简体繁体 English

Azure Data Explorer 高摄取延迟和流式传输

[英]Azure Data Explorer High Ingestion Latency with Streaming

原文 2021-06-15 08:09:24 5 1 azure/ latency/ azure-data-explorer/ data-ingestion

We are using stream ingestion from Event Hubs to Azure Data Explorer.我们正在使用 stream 从事件中心摄取到 Azure 数据资源管理器。 The Documentation states the following: 该文档指出以下内容：

The streaming ingestion operation completes in under 10 seconds, and your data is immediately available for query after completion.流式摄取操作在 10 秒内完成，完成后您的数据立即可供查询。

I am also aware of the limitations such as我也知道一些限制，例如

Streaming ingestion performance and capacity scales with increased VM and cluster sizes.流式摄取性能和容量随着 VM 和集群大小的增加而扩展。 The number of concurrent ingestion requests is limited to six per core.每个核心的并发摄取请求数限制为六个。 For example, for 16 core SKUs, such as D14 and L16, the maximal supported load is 96 concurrent ingestion requests.例如，对于 16 个核心 SKU，例如 D14 和 L16，支持的最大负载为 96 个并发摄取请求。 For two core SKUs, such as D11, the maximal supported load is 12 concurrent ingestion requests.对于两个核心 SKU，例如 D11，支持的最大负载是 12 个并发摄取请求。

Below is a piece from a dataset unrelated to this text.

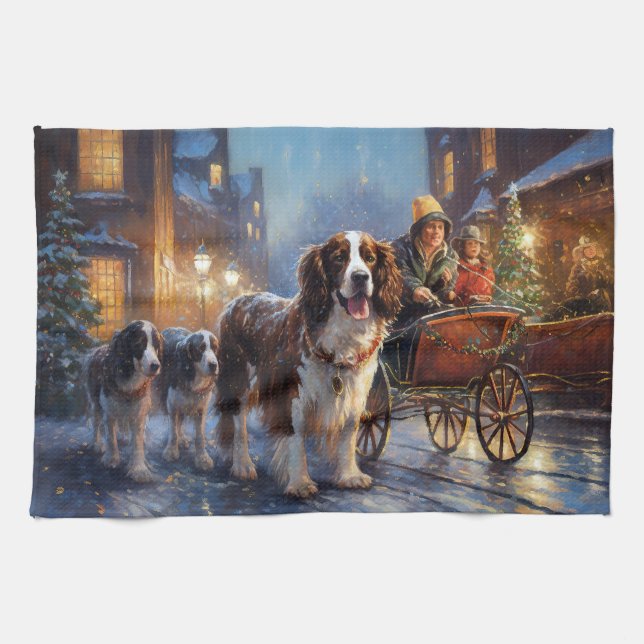 English Springer Spaniel Christmas Festive Season Tea Towel (Horizontal)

But we are currently experiencing ingestion latency of 5 minutes (as shown on the Azure Metrics) and see that data is actually available for querying 10 minutes after ingestion.但我们目前正在经历 5 分钟的摄取延迟（如 Azure 指标所示），并且看到数据实际上可在摄取 10 分钟后进行查询。

Our Dev Environment is the cheapest SKU Dev(No SLA)_Standard_D11_v2 but given that we only ingest ~5000 Events per day (per metric "Events Received") in this environment this latency is very high and not usable in the streaming scenario where we need to have the data available < 1 minute for queries.我们的开发环境是最便宜的 SKU 开发（无 SLA）_Standard_D11_v2，但鉴于我们在此环境中每天仅摄取约 5000 个事件（按“接收的事件”度量），此延迟非常高，无法在我们需要的流式传输场景中使用使数据可用 < 1 分钟进行查询。

Is this the latency we have to expect from the Dev Environment or are the any tweaks we can apply in order to achieve lower latency also in those environments?这是我们必须从开发环境中获得的延迟，还是我们可以应用的任何调整以在这些环境中实现更低的延迟？

How will latency behave with a production environment like Standard_D12_v2?延迟在 Standard_D12_v2 等生产环境中的表现如何？ Do we have to expect those high numbers there as well or is there a fundamental difference in behavior between Dev/test and Production Environments in this concern?我们是否也必须期待那些高数字，或者在这个问题上，开发/测试和生产环境之间的行为是否存在根本差异？

1 个解决方案

Did you follow the two steps needed to enable the streaming ingestion for the specific table, ie enabling streaming ingestion on the cluster and on the table?您是否遵循了为特定表启用流式摄取所需的两个步骤，即在集群和表上启用流式摄取？

In general, this is not expected, the Dev/Test cluster should exhibit the same behavior as the production cluster with the expected limitations around the size and scale of the operations, if you test it with a few events and see the same latency it means that something is wrong.通常，这是意料之中的，如果您使用一些事件对其进行测试并看到相同的延迟，则开发/测试集群应该表现出与生产集群相同的行为，并且在操作的大小和规模方面具有预期的限制出事了。

If you did follow these steps, and it still does not work please open a support ticket.如果您确实遵循了这些步骤，但仍然无法正常工作，请打开支持票。